The CCHE team includes Research Ambassadors (RAs), individuals that live, work and play in the Wisconsin communities they serve. The RA position is critical to identify, develop and nurture collaborative research partnerships — and research capacity development opportunities – of interest to members of underserved communities and UW academic partners.
Learn More About Research Ambassadors
The CCHE Ambassadors advance community-academic research partnerships in rural and urban sites in the state including Madison, Milwaukee and multiple tribal communities in Northern WI. Ambassadors establish new and maintain existing relationships with our community partners; represent the services, programs, and interests of CCHE and the UW ICTR, and navigate a variety of community and academic expertise and resources to liaison investigators, community members and the Center.
Our Ambassadors are advantaged by the ability to serve as a constant presence in different academic and community settings, and to contribute to multiple partnership activities. They are not dependent on any one project’s start/end date, so can move across projects and also link projects that share goals or target specific communities. Each Ambassador is familiar with and able to speak to community health priorities, as well as the community resources and assets to address these priorities. This allows us to more rapidly identify how an academic partner can engage and contribute. CCHE’s investment in RAs allows us to reach and engage with communities that may not have been successfully or positively engaged in research activities before now.
Our current Research Ambassadors are Al Castro & Erika Olmos (Milwaukee) and Tyson Jackson (Dane County).
Please complete our Consult Request Form to explore opportunities to connect with the Research Ambassadors.
Memorandum of Understanding
A memorandum of understanding (MOU) can be extremely useful for advancing and formalizing community-academic partnerships, especially community-engaged research partnerships. Whether you have an established partnership or are just beginning one, it’s never too late to create a MOU! A MOU typically requires addressing several key aspects of operationalizing a partnership, including: leadership roles, project direction, payments, dissemination of partnership findings, and data collection, ownership, storage and use.
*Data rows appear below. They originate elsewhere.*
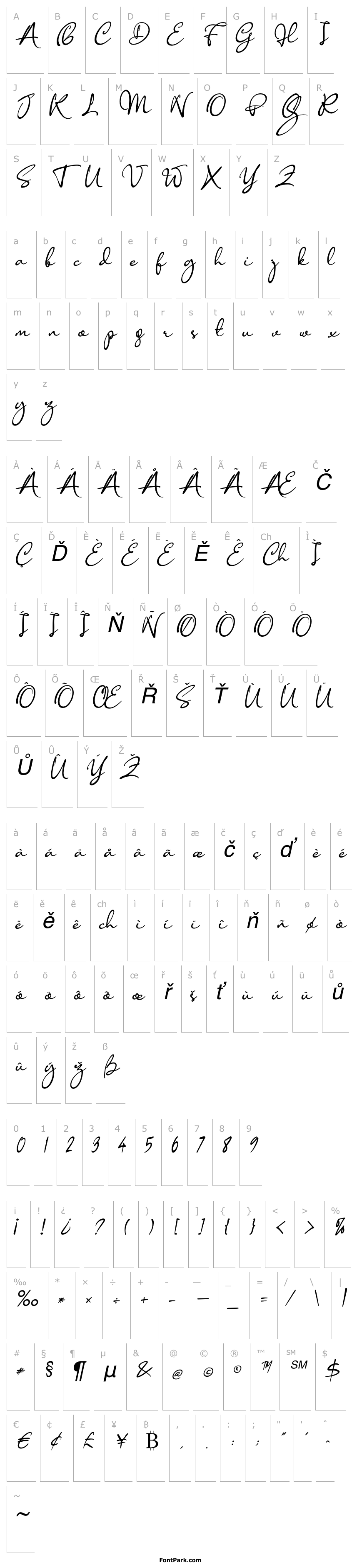 Overview Anisha Italic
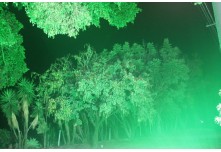 Casamento Leticia e Carlos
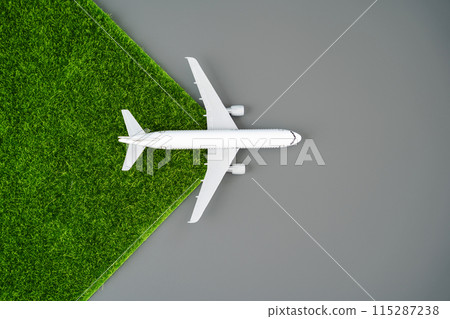 A airliner plane spreads green grass. Transition to environmentally friendly fuels, electric traction. Technological innovations. Concept of environmental friendliness and clean emissions. 115287238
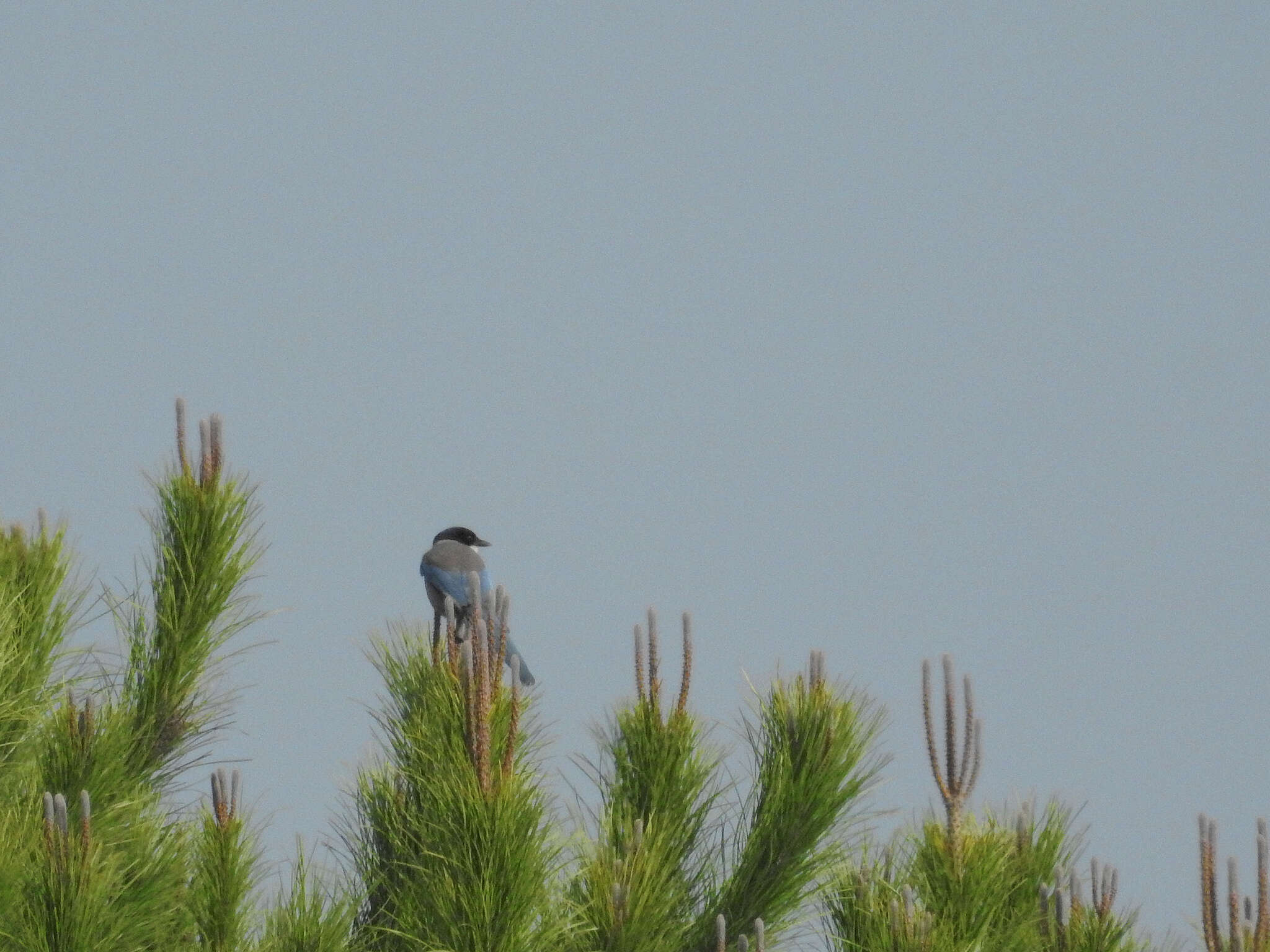 Image of Iberian Magpie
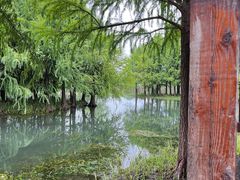 -贡湖湾湿地公园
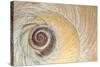 Close-Up of Moon Snail Shell, Seabeck, Washington, USA-Jaynes Gallery-Stretched Canvas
Creating an MOU to reflect the mutual goals, responsibilities and benefits of and to each partner has many benefits.
A written document not only serves to clarify and record the expectations and terms associated with an agreement, it can be invaluable if there is turnover in partners, and/or disagreements arise during project implementation. Such a document can also be useful to orient new individuals who enter an established partnership.
Questions to consider when advancing a partnership
CCHE staff have assisted researchers and community members with developing MOUs. We would be happy to share our resources and expertise during a consultation! Your brainstorming on the queries below prior to visiting us will assist us with providing you a tailored consultation experience.
Questions to consider when advancing a partnership:
- Who is this agreement/memorandum between? Who are your partners?
- Are the roles and responsibilities of each partner clear? Is everyone comfortable with these?
- Who is the director of this project? Are there multiple leaders? If so, how do their responsibilities differ and/or overlap?
- What are the scope and goals of the project?
- What is the duration (start and end time) of the project?
- What type(s) of payment will occur?
- How/Will partners be reimbursed for expenses?
- What process will allow partners to submit invoices appropriately?
Dissemination of partnership findings, data collection, ownership, storage and use
- Are confidentiality agreements needed?
- Will either/both partner wish to disseminate/publish findings?
- How will project data be stored, and who will have access to use this data?